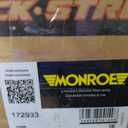 Monroe Quick-Strut 172933 Suspension Strut and Coil Spring Assembly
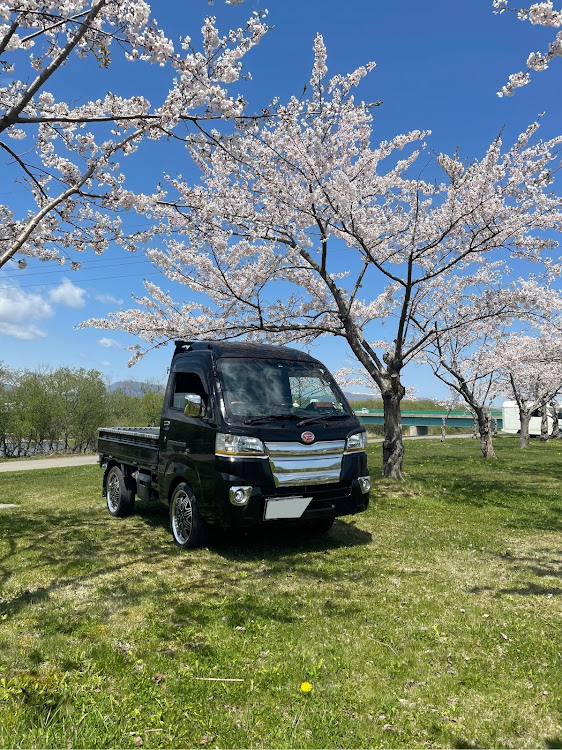 ハイゼットトラックのTakamihoさんが投稿したカスタム事例の投稿画像1枚目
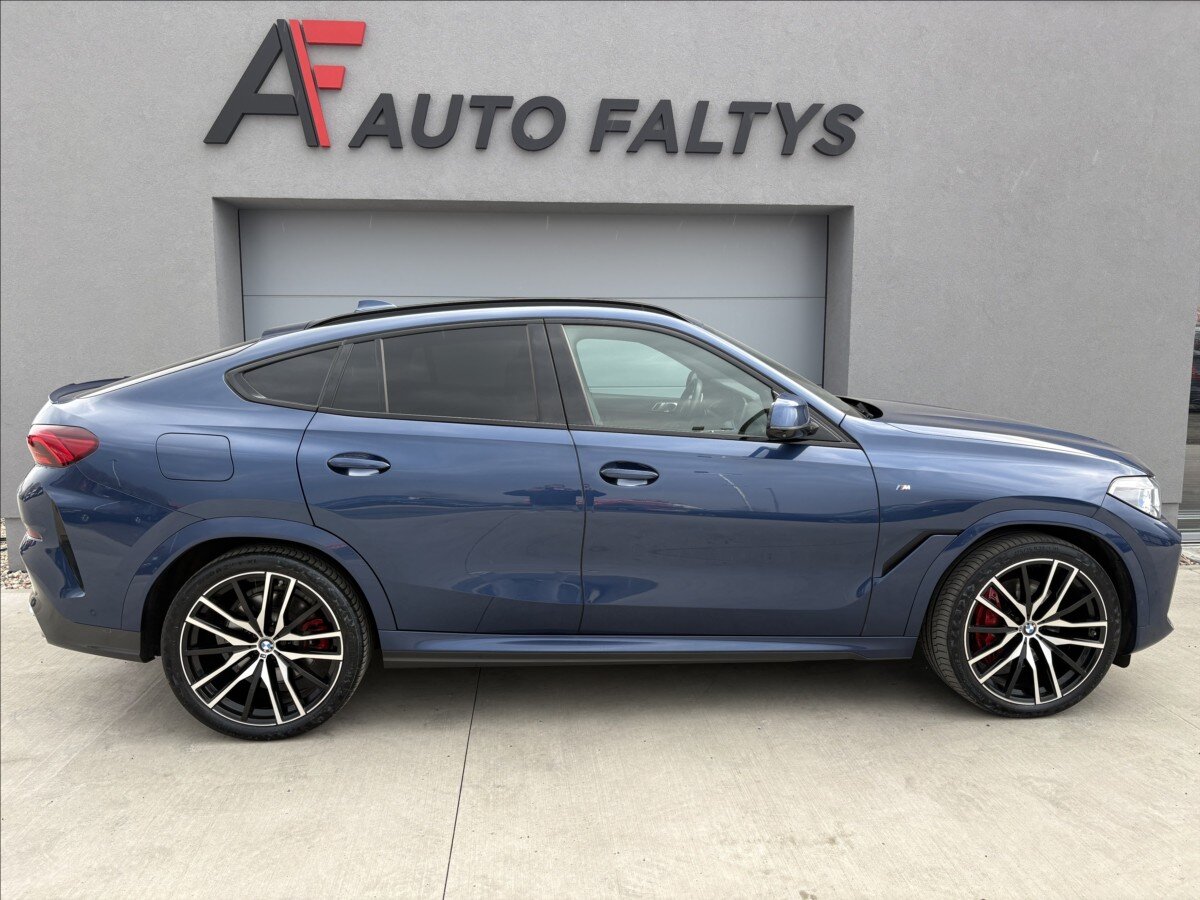 BMW X6 SUV / Terénní 3,0 l 245 kw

§ Exercise brief
In the copy, no pictures are to appear; write out exactly the lines from the one containing "ハイゼットトラックのTakamihoさんが投稿したカスタム事例の投稿画像1枚目" through the end of the listing above and no further lines.

§ Expected answer
 ハイゼットトラックのTakamihoさんが投稿したカスタム事例の投稿画像1枚目
 BMW X6 SUV / Terénní 3,0 l 245 kw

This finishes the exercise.